On Monday, at a fund-raising event in Manhattan for the New York State Republican Party, David Koch told donors that he and his brother, who oversee one of the biggest private political organizations in the country, believed that Mr. Walker would be the Republican nominee.
“When the primaries are over and Scott Walker gets the nomination,” Mr. Koch told the crowd, the billionaire brothers would support him, according to a spokeswoman. The remark drew laughter and applause from the audience of fellow donors and Republican activists, who had come to hear Mr. Walker speak earlier at the event, held at the Union League Club.

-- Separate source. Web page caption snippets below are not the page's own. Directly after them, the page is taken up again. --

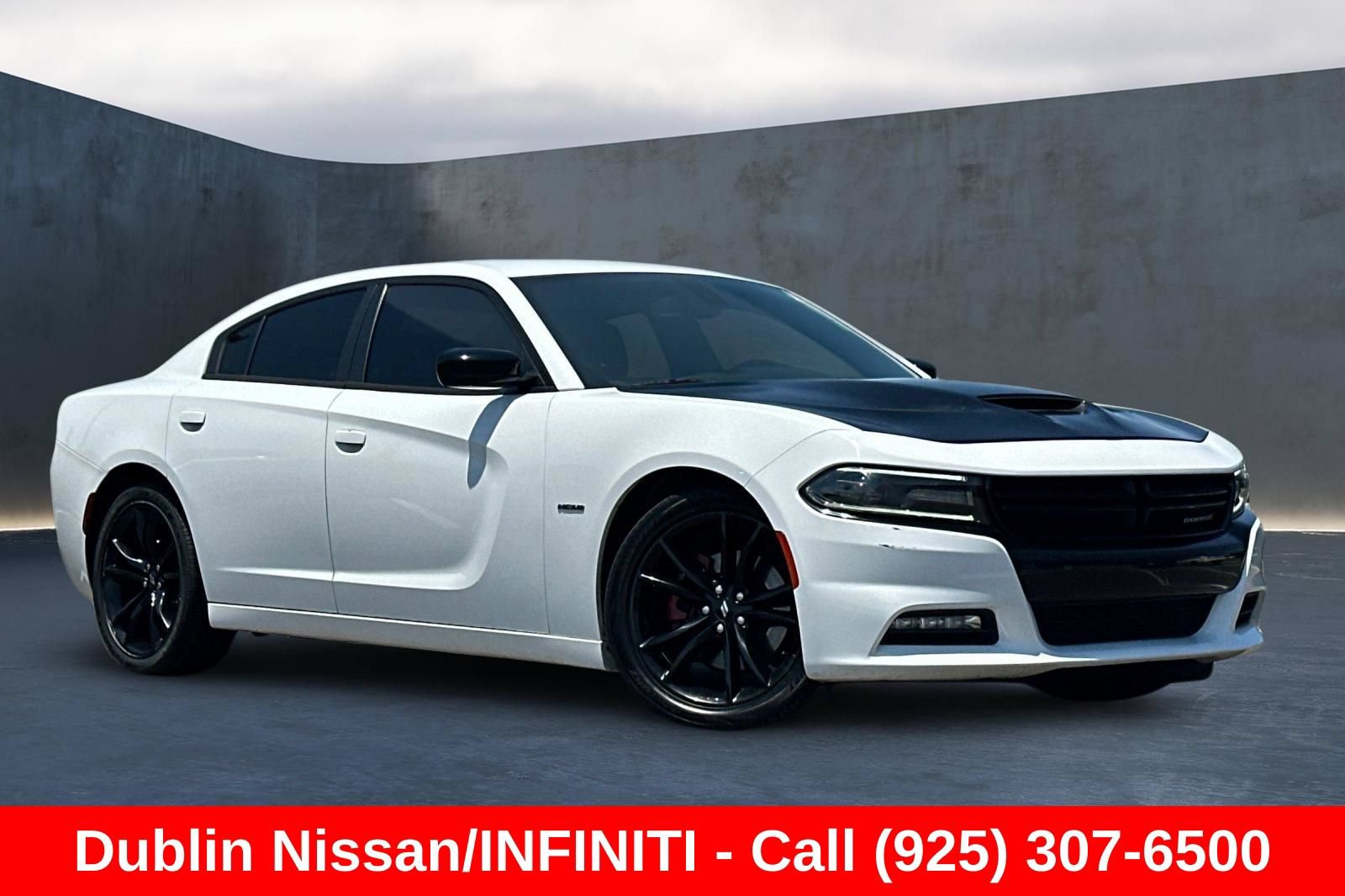 Used 2018 Dodge Charger R/T w/ Blacktop Package RWD image 2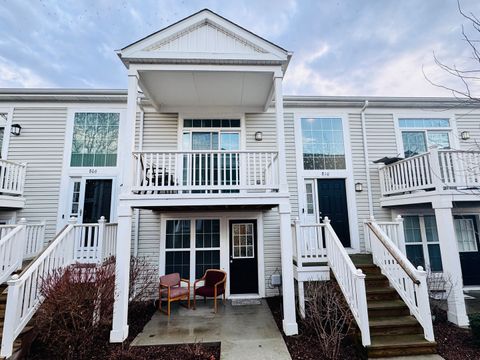 Tiny photo for 810 Four Seasons Boulevard, Aurora, IL 60504 (MLS # 12586129)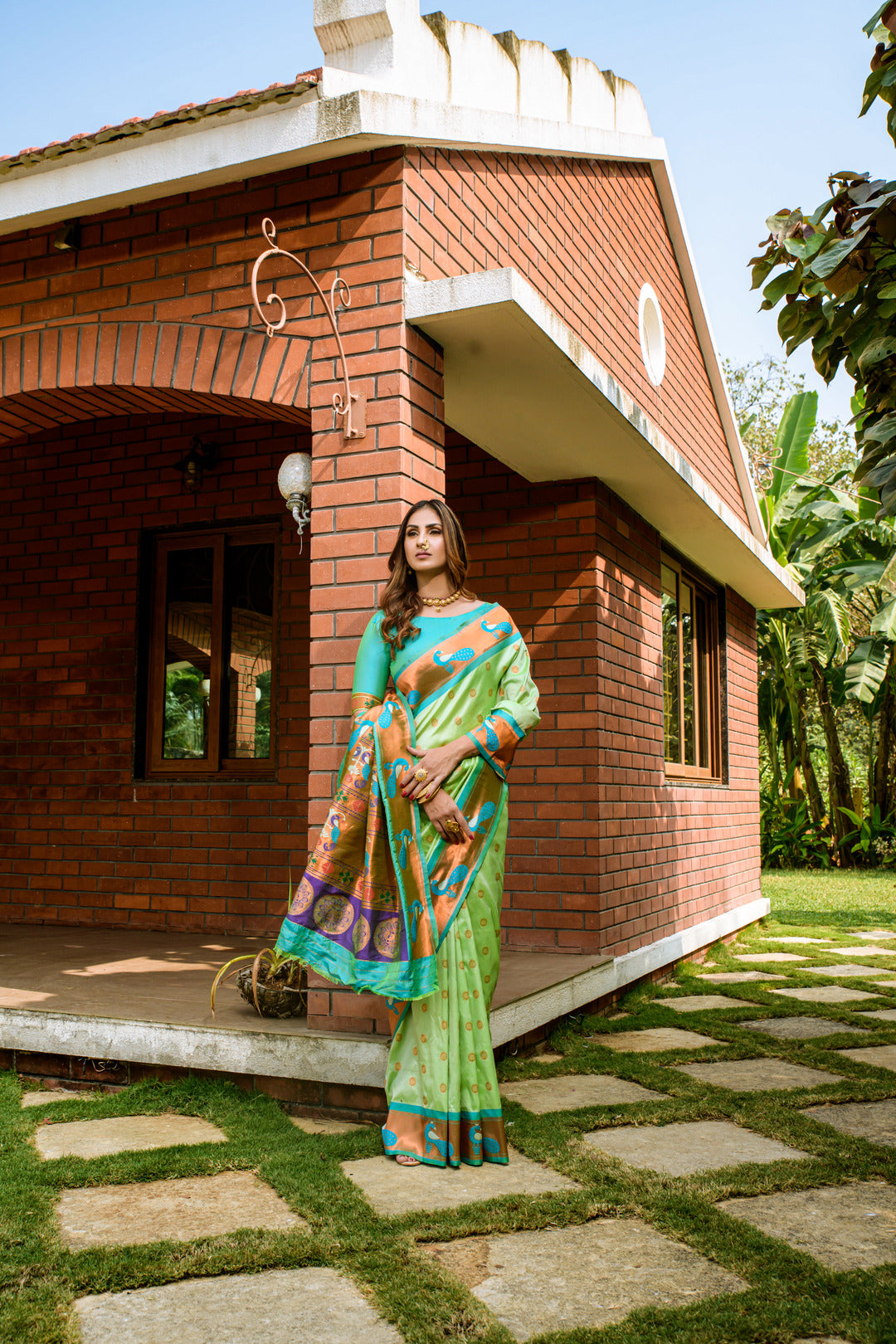 Dhiyona GR Women's Priyanka Mint Green Zari Paithani Silk Saree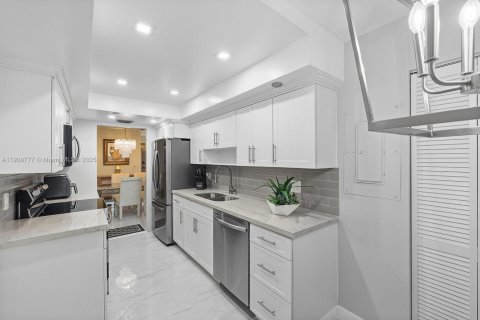 Condo in Pembroke Pines, Florida, 3 bedrooms  № 1968656 - photo 9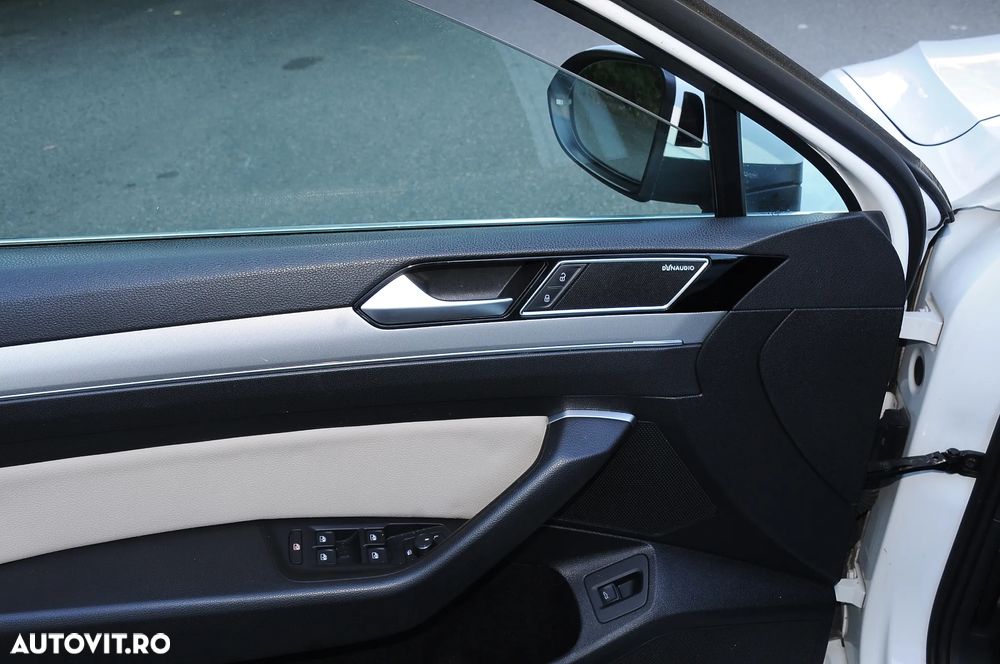 Volkswagen Passat 2.0 TDI DSG 4Motion Highline - 13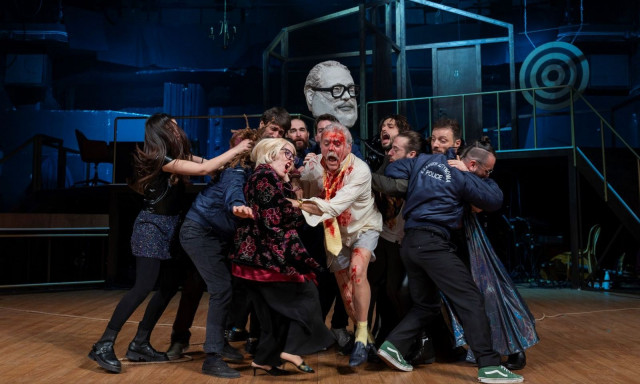 Δημοτικό Θέατρο Πειραιά: Επιστρέφει το «Merde» για να λύσει τις απορίες μας για το θέατρο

Two people who attended the event said they heard Mr. Koch go even further, indicating that Mr. Walker should be the Republican nominee. A spokeswoman disputed that wording, saying that Mr. Koch had pledged to remain officially neutral during the primary campaign.
But Mr. Koch’s remark left little doubt among attendees of where his heart is, and could effectively end one of the most closely watched contests in the “invisible primary,” a period where candidates crisscross the country seeking not the support of voters but the blessing of their party’s biggest donors and fund-raisers.
Not surprising.
The Kochs don’t want to waste money, and Scotty, goggle-eyed homunculus hired by Koch Industries to manage its Midwest subsidiary formerly known as the state of Wisconsin,* is already bought and paid for.
**Credit where credit is due. This bon mot was coined by Esquire magazine’s inimitable Charlie Pierce.